Search code examples
juliabayesianprobabilistic-programming

How to implement a most basic missing data model in Turing?


I would like to write in Julia the following toy Bernoulli model written in JAGS:

model{
  p0 ~ dbeta(1,1)
  for(i in 1:n){
    y[i] ~ dbern(p0)
  }     
}

Here's the complete driver

true_p0 <- 0.2
n <- 600
y <- sample(c(0,1), size=n, prob = c(1-true_p0, true_p0), replace=TRUE)
y[500:600] = NA # Some observations are missing!
data=list(y=y, n=n)
n_iter <- 1000
out<-jags.parallel(data=data, inits=NULL, n.iter=1000,
                   parameters.to.save = c('p0', 'y'), 
                   model.file = 'basic_missing.bug', 
                   n.chains = chain_count)

# The missing values are treated as parameters, so we can extract them: 
print(sum(out$BUGSoutput$sims.list$y[,550])/nrow(out$BUGSoutput$sims.list$y))
# > [1] 0.232375
# The non-missing values are treated as constants, so even if we extract them, there is no variability:
print(sum(out$BUGSoutput$sims.list$y[,200])/nrow(out$BUGSoutput$sims.list$y))
# [1] 0

Here's my Julia model:

using Random
using Distributions
using Turing
using StatsPlots
using Plots

Random.seed!(3)
true_p0=0.2
v=cat(rand(Bernoulli(true_p0), 500), [missing for _ in 1:100], dims=1)

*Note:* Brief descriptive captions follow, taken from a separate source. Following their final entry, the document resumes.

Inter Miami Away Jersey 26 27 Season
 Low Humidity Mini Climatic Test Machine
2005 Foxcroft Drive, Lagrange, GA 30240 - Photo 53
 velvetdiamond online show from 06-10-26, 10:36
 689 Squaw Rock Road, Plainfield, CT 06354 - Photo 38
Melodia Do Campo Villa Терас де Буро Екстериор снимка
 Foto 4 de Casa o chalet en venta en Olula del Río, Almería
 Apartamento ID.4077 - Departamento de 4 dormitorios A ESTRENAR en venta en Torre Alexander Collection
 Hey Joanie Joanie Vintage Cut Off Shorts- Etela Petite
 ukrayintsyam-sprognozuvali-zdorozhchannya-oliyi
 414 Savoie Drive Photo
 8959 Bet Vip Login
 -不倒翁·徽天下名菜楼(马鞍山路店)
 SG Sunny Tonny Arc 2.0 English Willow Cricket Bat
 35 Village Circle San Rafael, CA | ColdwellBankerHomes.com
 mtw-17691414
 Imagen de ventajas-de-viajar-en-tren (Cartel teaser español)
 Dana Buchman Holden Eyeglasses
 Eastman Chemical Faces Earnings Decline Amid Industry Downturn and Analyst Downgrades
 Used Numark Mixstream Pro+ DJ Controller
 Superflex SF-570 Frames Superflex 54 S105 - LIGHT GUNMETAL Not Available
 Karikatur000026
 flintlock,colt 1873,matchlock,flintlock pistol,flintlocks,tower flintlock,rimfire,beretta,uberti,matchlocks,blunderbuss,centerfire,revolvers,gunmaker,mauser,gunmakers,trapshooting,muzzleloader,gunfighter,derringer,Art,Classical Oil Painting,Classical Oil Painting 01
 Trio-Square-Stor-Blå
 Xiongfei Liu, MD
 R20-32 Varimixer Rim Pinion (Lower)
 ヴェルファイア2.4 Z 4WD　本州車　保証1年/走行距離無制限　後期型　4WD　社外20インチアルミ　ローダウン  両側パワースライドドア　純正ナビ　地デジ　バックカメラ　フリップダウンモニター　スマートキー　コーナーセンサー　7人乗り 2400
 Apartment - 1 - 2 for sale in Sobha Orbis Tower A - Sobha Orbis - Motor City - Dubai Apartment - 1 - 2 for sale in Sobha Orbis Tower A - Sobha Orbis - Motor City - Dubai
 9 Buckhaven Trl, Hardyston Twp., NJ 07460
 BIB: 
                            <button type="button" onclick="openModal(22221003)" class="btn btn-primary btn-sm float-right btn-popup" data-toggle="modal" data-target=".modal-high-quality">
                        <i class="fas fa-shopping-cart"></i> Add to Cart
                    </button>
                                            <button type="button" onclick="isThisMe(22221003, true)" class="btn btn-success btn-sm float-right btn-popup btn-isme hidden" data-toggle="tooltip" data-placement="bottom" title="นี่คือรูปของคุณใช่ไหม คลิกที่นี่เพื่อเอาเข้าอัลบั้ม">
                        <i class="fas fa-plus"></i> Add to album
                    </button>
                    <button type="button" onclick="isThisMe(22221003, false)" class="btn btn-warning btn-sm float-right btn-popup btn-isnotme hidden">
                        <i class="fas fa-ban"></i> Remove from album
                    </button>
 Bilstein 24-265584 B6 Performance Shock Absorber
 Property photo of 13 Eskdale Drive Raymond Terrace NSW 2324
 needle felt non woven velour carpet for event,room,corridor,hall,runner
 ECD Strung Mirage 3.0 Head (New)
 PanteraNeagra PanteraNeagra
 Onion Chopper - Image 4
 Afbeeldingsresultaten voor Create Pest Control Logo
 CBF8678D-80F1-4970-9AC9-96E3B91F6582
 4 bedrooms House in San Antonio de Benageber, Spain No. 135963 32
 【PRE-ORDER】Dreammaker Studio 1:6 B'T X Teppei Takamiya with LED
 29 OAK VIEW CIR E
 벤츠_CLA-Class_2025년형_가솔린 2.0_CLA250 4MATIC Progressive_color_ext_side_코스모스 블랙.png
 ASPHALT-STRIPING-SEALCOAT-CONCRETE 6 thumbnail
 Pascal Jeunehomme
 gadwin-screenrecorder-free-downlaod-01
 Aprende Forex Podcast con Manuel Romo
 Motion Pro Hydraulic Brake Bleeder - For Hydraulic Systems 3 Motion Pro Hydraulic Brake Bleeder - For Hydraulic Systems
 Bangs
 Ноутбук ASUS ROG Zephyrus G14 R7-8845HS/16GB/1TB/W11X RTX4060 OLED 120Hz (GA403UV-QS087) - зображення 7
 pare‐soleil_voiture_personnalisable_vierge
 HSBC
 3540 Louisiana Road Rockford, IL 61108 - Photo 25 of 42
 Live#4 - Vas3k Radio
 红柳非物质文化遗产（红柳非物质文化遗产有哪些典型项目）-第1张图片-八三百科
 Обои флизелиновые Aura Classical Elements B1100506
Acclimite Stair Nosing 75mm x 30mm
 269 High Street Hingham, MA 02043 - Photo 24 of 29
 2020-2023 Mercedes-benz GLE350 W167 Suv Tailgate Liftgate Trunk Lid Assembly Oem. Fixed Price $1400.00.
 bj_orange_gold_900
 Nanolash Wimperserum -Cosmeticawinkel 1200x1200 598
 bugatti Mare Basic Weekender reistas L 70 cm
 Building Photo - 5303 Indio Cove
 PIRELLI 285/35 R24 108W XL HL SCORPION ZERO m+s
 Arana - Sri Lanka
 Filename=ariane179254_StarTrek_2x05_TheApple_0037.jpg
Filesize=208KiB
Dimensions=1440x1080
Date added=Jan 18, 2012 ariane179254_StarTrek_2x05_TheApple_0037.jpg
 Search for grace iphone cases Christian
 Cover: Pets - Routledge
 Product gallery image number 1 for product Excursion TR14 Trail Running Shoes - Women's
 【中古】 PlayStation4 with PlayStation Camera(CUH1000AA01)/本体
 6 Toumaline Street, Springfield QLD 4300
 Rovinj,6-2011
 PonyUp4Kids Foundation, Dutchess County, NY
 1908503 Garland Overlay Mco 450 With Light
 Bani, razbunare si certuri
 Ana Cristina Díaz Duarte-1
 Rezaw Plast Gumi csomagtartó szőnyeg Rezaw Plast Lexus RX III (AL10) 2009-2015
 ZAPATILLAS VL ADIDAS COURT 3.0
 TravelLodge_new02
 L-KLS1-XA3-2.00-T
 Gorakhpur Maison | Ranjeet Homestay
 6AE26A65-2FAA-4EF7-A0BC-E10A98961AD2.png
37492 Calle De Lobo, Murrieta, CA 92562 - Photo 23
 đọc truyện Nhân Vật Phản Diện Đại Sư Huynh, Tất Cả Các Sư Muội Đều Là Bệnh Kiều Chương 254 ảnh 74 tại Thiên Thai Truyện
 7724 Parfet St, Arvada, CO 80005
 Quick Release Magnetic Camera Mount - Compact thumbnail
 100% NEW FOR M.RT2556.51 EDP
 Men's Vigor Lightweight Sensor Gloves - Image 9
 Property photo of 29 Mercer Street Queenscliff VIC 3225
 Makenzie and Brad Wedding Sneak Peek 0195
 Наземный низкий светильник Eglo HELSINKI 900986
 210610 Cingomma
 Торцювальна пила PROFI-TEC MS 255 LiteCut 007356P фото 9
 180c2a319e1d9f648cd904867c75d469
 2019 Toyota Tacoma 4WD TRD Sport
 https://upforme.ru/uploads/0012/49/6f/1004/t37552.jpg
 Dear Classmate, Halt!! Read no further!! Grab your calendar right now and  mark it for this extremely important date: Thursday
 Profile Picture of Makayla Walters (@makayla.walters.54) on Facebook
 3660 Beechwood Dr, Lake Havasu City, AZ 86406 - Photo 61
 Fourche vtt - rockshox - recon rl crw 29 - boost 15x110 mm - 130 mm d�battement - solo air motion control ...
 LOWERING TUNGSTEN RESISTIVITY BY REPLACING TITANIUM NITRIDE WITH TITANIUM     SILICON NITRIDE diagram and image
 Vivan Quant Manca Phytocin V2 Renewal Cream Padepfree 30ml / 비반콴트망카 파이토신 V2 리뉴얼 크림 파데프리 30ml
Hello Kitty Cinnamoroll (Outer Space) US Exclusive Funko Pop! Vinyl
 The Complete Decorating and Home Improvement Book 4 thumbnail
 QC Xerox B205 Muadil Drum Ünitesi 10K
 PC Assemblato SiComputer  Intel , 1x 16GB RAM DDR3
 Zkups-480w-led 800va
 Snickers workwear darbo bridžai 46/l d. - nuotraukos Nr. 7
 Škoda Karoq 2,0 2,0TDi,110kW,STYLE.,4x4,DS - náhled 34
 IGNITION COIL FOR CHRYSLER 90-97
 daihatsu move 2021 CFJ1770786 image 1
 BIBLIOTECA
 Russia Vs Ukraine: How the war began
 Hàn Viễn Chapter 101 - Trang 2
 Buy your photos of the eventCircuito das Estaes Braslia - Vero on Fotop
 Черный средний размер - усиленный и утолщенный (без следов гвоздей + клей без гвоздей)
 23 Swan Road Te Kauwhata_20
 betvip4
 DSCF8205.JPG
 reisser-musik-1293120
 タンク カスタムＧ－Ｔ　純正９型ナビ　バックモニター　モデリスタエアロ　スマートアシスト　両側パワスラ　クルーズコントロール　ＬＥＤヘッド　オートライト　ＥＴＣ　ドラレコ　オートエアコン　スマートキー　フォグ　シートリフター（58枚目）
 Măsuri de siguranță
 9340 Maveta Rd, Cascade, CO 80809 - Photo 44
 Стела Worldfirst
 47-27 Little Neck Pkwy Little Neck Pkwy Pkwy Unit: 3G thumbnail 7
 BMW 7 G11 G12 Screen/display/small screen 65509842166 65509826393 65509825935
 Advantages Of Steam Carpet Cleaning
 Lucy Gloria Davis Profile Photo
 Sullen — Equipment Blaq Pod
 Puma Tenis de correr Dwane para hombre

@model function bernoulli_model(v) 
    p0 ~ Beta(1,1)
    v .~ Bernoulli(p0)
end
model=bernoulli_model(v)

nsamples = 1000
nchains = 8
sampler = MH()
chains = sample(model, sampler, MCMCThreads(), nsamples, nchains, discard_initial = 200, thinning=50);
> TaskFailedException
>
>    nested task error: TaskFailedException
>    
>        nested task error: DomainError with 0.0:
>        Beta: the condition α > zero(α) is not satisfied.

What do I do wrong?


Solution

  • I figured out the answer myself.

    There are two issues here:

    1. Bernoulli(p0) expects the values to be integers, and throws a cryptic error when they are booleans. So the first thing to do is to convert the input vector to int by e.g. multiplying the bool values by 1.
    2. v .~ Bernoulli(p0), a vectorized (aka broadcasting) operator "~" is a wrong construct here, probably because the function dispatching happens only once, but we are talking about two completely different operations, that are serviced by two completely different overloads of operator ~ over the Bernoulli distribution. I suspect that one variant is a simple sampling variant that just edits the target log-likelihood, which is applied when "v[i]" is known. The other one is the variant that defines a latent random variable that represents the missing data, which is applied when the "v[i]" is missing. In order to force Julia to dispatch a different operator ~ overload dynamically based on the type of the argument, we need to use the actual loop.

    Here's the corrected code:

    using Random
    using Distributions
    using Turing
    
    Random.seed!(3)
    true_p0=0.2
    v=cat(rand(Bernoulli(true_p0), 500), [missing for _ in 1:100], dims=1)
    
    @model function bernoulli_model(v) 
        p0 ~ Beta(1,1)
        for i in eachindex(v)
            v[i] ~ Bernoulli(p0)
        end
    end
    
    model=bernoulli_model(v)model=bernoulli_model(v)
    
    nsamples = 1000
    nchains = 8
    sampler = MH()
    chains = sample(model, sampler, MCMCThreads(), nsamples, nchains, discard_initial = 200, thinning=50);